■ Activity: Print every line of the data word for word.

---------- Supplied material

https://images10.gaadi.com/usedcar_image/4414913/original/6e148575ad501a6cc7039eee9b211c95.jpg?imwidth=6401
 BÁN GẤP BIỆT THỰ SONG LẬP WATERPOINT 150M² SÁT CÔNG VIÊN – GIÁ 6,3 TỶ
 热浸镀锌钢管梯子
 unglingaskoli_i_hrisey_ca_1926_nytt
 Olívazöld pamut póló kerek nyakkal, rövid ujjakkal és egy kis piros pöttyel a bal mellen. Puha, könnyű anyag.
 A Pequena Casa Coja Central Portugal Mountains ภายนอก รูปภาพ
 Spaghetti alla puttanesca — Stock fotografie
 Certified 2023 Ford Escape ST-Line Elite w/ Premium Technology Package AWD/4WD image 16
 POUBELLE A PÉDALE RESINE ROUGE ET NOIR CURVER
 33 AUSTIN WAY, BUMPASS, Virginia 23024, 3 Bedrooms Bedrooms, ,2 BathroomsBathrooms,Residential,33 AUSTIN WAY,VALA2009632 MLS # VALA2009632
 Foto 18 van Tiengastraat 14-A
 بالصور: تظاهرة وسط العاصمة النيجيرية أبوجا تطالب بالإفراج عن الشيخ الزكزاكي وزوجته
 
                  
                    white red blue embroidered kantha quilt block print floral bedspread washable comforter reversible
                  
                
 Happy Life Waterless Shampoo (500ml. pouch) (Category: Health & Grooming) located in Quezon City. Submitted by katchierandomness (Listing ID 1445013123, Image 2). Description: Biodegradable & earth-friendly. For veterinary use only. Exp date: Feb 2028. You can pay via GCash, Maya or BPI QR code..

--------------------

■ Completed task:
https://images10.gaadi.com/usedcar_image/4414913/original/6e148575ad501a6cc7039eee9b211c95.jpg?imwidth=6401
 BÁN GẤP BIỆT THỰ SONG LẬP WATERPOINT 150M² SÁT CÔNG VIÊN – GIÁ 6,3 TỶ
 热浸镀锌钢管梯子
 unglingaskoli_i_hrisey_ca_1926_nytt
 Olívazöld pamut póló kerek nyakkal, rövid ujjakkal és egy kis piros pöttyel a bal mellen. Puha, könnyű anyag.
 A Pequena Casa Coja Central Portugal Mountains ภายนอก รูปภาพ
 Spaghetti alla puttanesca — Stock fotografie
 Certified 2023 Ford Escape ST-Line Elite w/ Premium Technology Package AWD/4WD image 16
 POUBELLE A PÉDALE RESINE ROUGE ET NOIR CURVER
 33 AUSTIN WAY, BUMPASS, Virginia 23024, 3 Bedrooms Bedrooms, ,2 BathroomsBathrooms,Residential,33 AUSTIN WAY,VALA2009632 MLS # VALA2009632
 Foto 18 van Tiengastraat 14-A
 بالصور: تظاهرة وسط العاصمة النيجيرية أبوجا تطالب بالإفراج عن الشيخ الزكزاكي وزوجته
 
                  
                    white red blue embroidered kantha quilt block print floral bedspread washable comforter reversible
                  
                
 Happy Life Waterless Shampoo (500ml. pouch) (Category: Health & Grooming) located in Quezon City. Submitted by katchierandomness (Listing ID 1445013123, Image 2). Description: Biodegradable & earth-friendly. For veterinary use only. Exp date: Feb 2028. You can pay via GCash, Maya or BPI QR code..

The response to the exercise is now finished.